Vierzba
15:59:06zjadłem
15:59:08kartacza :3
Wowoz
15:59:15a co to : |
Vierzba
15:59:22...
15:59:24hehe
Wowoz
15:59:26hehe
15:59:27zartuje
16:03:55to ryba :3
Vierzba
16:04:05:3
Wowoz
16:04:18zartowalem
16:04:37to sie kurwa pyza nazywa
16:04:43pierdolony szuszwolu z suwalek
16:05:31zjadlbym :C
Vierzba
16:06:11kurwa
16:06:16pyza to co innego
16:06:17idioto
Vierzba
16:10:01wowoz się ze mną kłóci
16:10:07że pyzy i kartacze to to samo
Ogrodnik
16:10:56co to kartacze :D: :D16:11:02kartacze
Vierzba
16:11:04...
Ogrodnik
16:11:06to może usoppu mieć
16:11:08albo ja jak sram
Vierzba
16:11:09JA PIERDOLE
16:11:14GDZIE JA ZYJĘ
16:11:17NO DO KURWY NĘDZY
16:11:24JEBANE ZACHODNIE KURWY
Co to ma być? Czy ja żyję w jakimś surrealizmie? Do tej pory nie wyobrażałem sobie, żeby ktoś nie wiedział czym są kartacze. No kurwa, nawet w mrożonkach je sprzedają. Mam nadzieję że to tylko 2 odosobnione przypadki i każdy inny wie czym są kartacze i ślini się na myśl o nich. Dla porównania:
Oto pyzy. Owszem, dobre, szczególnie z cebulą no ale sam ich rozmiar stawia je na przegranej pozycji.

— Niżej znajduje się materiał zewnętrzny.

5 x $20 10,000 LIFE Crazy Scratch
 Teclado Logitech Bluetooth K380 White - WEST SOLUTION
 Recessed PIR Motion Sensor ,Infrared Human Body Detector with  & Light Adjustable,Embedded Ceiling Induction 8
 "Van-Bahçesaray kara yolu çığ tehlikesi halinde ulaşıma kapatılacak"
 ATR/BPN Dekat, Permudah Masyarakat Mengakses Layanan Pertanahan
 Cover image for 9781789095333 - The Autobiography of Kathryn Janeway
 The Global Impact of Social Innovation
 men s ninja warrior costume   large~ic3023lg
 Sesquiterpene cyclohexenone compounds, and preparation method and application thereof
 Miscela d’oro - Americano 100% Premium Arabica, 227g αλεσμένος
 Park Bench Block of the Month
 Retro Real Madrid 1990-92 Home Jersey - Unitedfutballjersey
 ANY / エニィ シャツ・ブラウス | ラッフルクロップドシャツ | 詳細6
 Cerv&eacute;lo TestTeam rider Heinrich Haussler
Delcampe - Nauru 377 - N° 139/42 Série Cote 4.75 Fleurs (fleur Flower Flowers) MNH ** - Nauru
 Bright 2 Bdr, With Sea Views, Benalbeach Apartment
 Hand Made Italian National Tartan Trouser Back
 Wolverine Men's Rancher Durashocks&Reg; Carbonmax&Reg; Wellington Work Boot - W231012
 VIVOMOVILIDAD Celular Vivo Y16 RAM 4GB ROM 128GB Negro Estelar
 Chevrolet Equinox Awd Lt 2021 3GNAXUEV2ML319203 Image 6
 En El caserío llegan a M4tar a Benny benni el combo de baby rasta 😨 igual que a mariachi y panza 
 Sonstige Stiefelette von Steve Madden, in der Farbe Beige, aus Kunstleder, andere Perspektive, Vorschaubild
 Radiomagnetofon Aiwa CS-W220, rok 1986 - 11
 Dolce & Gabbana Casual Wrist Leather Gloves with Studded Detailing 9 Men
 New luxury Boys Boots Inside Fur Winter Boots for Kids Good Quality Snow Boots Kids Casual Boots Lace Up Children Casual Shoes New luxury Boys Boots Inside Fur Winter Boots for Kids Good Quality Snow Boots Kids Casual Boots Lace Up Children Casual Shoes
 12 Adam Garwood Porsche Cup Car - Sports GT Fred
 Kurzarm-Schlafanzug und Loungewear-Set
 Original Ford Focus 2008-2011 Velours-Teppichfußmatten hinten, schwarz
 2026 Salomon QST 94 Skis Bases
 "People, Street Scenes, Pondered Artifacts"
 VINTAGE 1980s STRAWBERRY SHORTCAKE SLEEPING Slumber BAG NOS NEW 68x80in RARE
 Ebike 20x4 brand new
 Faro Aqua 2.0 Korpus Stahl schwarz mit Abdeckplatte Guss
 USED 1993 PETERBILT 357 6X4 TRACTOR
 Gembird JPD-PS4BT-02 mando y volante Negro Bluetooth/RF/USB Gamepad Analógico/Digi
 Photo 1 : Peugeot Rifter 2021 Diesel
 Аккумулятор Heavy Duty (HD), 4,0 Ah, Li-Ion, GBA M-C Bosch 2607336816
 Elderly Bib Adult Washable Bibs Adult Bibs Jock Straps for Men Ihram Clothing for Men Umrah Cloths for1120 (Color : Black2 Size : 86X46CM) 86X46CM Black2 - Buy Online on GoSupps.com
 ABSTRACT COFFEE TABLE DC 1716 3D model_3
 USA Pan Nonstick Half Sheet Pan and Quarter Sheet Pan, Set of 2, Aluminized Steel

Jedzenie dla plebsu i chudych szczurów.
Kartacze. Jadło Bogów. Są duże, krągłe, ciepłe i mają zasmażkę ze skwareczkami. Nigdy ich nie jadłeś? Przegrałeś życie, skacz z okna albo nadrób kulinarne zaległości. Gdybym dzisiaj jednego nie zjadł to chyba bym się zaślinił na ten ich powabny widok. :3
Wiadomo że ta konfrontacja nie ma większego sensu, wiadomo w końcu kto jest zwycięzcą. Może on być tylko jeden, czyli przepyszne KARTACZE!